Excerpted data –
--*--
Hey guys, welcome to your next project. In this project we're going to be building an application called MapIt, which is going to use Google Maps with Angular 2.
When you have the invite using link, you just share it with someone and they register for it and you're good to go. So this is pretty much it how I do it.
--*--
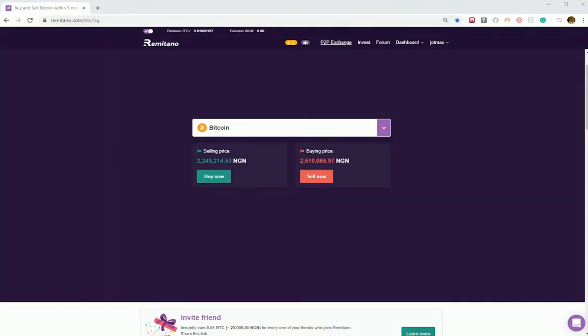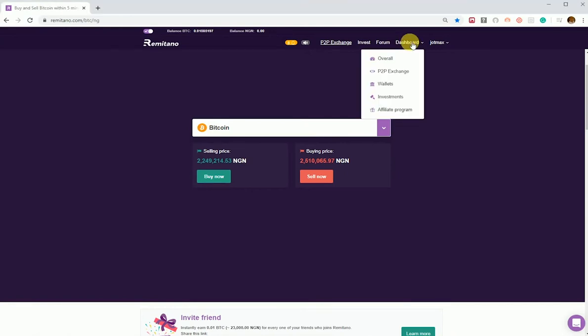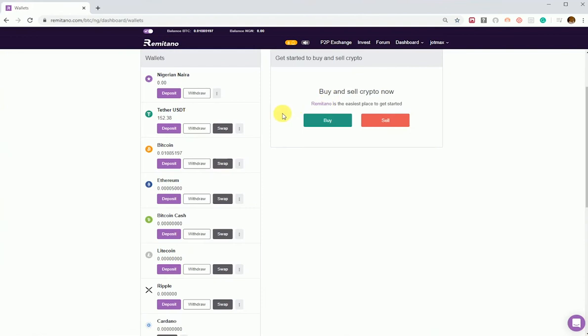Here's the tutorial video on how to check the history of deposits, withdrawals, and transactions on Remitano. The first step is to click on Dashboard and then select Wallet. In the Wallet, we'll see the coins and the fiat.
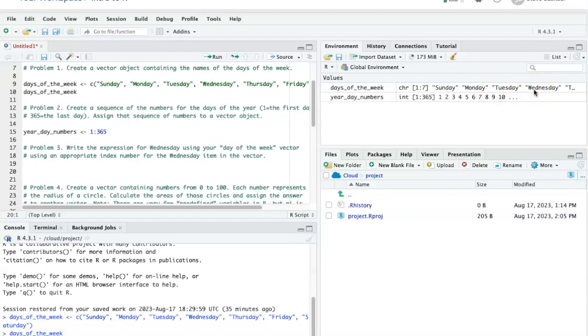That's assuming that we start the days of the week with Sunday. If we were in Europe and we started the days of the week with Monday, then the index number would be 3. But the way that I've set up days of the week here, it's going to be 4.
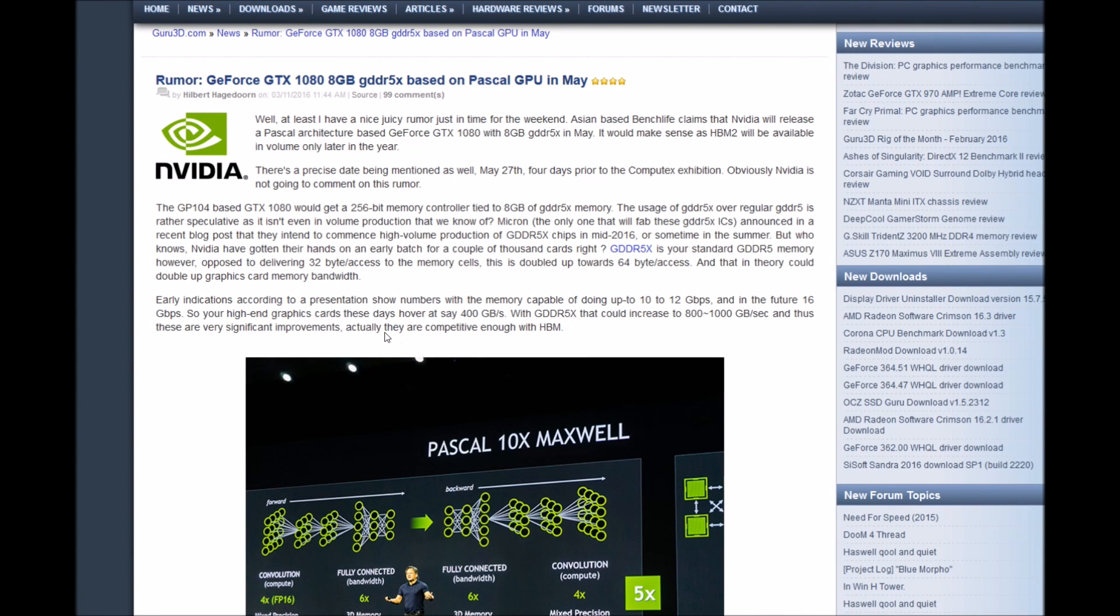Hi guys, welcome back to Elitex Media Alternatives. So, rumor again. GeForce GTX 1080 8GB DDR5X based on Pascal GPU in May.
--*--
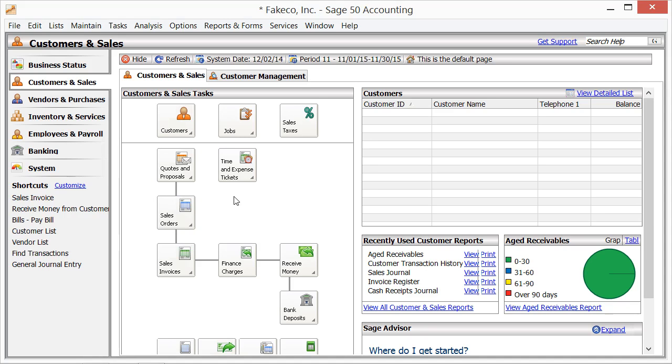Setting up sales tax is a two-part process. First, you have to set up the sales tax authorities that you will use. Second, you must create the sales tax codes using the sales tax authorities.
--*--
What you are asked to do – Restate the lines above from the one containing "That's assuming that" through the one containing "Hi guys, welcome", inclusive, exactly and without pictures.

Exercise answer –
That's assuming that we start the days of the week with Sunday. If we were in Europe and we started the days of the week with Monday, then the index number would be 3. But the way that I've set up days of the week here, it's going to be 4.
Hi guys, welcome back to Elitex Media Alternatives. So, rumor again. GeForce GTX 1080 8GB DDR5X based on Pascal GPU in May.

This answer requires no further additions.